During this phase of his career, Zinni learned how to integrate humanitarian and other non-governmental organizations with the military. This experience helped him greatly when he became the Marine commander in charge of Operation Restore Hope, President George H. W. Bush's humanitarian relief operation in Somalia. Zinni's account goes a long way toward making sense out of the prelude to the US Special Forces raid depicted in the movie, Black Hawk Down.
Zinni goes on to give a fascinating depiction of his time as Commander in Chief (CINC) of Central Command (CENTCOM). Under the Clinton administration, CINCs had the mission of establishing new relationships, improving stability, and countering emerging threats in their areas of responsibility. In other words, the CINCs job was to "engage" and "shape" their region, to create a friendly and peaceful area. One of the ways they did this was by sponsoring joint operations with local military forces to provide humanitarian relief to desperately poor areas in the region. Zinni says that this was traditionally the job of the US State Department, but in the 90s, the Republican Congress had so gutted their funding that the only organization able to provide those kinds of operations was the military.
Some people had accused CINCs of becoming the new proconsuls of the American Empire, but Zinni explains, "Though I've had many disagreements with the Clinton administration, its basic global strategy was right. I was out in the world and saw the needs, the newly emerging conditions, and how we can help change them. I also saw that if we failed to change them, we were doomed to live with the tragic consequences."
The first thing the newly installed Bush administration did was to limit the power of the CINCs and change their title and role to Combatant Commanders. And did anyone else notice during the Iraq invasion that CENTCOM now has administration-appointed political spin doctors standing next to the Combatant Commanders, making sure they stay "on message?" Zinni says, "This era of "spin" sickens me. I would never have accepted a White House "spin doctor" being assigned to my command to run our public affairs effort, as was done during the Iraq war." I guess GW is stealing the concept of Zampolit from the Commie playbook.

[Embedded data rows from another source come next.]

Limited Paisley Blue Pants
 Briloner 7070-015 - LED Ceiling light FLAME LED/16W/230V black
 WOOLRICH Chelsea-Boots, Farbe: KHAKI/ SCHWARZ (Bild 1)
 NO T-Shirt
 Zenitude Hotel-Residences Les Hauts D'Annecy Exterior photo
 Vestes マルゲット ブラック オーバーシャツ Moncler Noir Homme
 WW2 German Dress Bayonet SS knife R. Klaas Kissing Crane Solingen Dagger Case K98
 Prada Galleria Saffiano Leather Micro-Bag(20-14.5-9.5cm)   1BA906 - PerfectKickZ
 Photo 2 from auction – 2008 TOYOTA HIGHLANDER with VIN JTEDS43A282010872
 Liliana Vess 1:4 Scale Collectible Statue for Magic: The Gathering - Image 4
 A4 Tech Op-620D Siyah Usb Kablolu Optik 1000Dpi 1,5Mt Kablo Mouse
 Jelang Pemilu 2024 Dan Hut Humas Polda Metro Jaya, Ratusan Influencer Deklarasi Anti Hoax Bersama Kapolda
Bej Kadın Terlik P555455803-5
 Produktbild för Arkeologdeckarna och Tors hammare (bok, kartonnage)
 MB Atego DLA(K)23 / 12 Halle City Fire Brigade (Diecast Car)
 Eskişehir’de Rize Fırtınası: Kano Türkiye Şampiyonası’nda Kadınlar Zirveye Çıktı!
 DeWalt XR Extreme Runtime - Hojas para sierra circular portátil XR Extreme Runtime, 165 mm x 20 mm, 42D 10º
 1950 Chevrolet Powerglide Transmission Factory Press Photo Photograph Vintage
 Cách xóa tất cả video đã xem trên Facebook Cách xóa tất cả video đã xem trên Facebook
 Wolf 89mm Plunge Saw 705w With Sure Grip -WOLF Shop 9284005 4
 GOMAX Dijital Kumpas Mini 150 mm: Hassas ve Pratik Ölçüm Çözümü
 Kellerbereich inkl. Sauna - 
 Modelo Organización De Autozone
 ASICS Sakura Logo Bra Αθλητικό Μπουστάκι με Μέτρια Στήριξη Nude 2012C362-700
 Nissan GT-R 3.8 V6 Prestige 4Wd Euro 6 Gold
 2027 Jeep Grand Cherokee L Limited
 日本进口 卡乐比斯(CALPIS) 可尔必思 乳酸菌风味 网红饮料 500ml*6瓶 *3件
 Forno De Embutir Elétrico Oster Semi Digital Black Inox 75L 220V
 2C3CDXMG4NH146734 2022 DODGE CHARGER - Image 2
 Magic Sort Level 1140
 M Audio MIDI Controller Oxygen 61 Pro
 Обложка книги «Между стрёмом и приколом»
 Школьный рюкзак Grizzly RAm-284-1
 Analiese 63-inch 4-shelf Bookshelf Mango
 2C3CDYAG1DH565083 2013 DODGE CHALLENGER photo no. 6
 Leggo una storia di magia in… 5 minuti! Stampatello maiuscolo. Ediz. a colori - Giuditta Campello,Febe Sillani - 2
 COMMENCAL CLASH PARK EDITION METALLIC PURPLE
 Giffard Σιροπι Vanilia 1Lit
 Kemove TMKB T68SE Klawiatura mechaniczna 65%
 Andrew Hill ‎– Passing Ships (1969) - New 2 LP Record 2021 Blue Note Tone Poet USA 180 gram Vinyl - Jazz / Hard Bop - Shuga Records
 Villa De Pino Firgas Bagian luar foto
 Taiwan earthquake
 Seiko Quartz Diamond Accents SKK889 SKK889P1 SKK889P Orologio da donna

Zinni rounds out the book by presenting some (really good) ideas on the future of our military. He also comments on the Iraq invasion, "In the lead up to war and its later conduct, I saw, at a minimum, true dereliction, negligence, and irresponsibility; at worst, lying, incompetence, and corruption. False rationales presented as justification; a flawed strategy; lack of planning; the unnecessary alienation of our allies; the underestimation of the task; the unnecessary distraction from real threats; and the unbearable strain dumped on our overstretched military, all of these caused me to speak out. I did it before the war as a caution, and as an attempt to voice concern over situations I knew would be dangers, where the outcomes would likely mean real harm to our nation's interests. I was called a traitor and a turncoat." What a typical Bush tribute to a Marine and a true American who spent his life in the service of his country.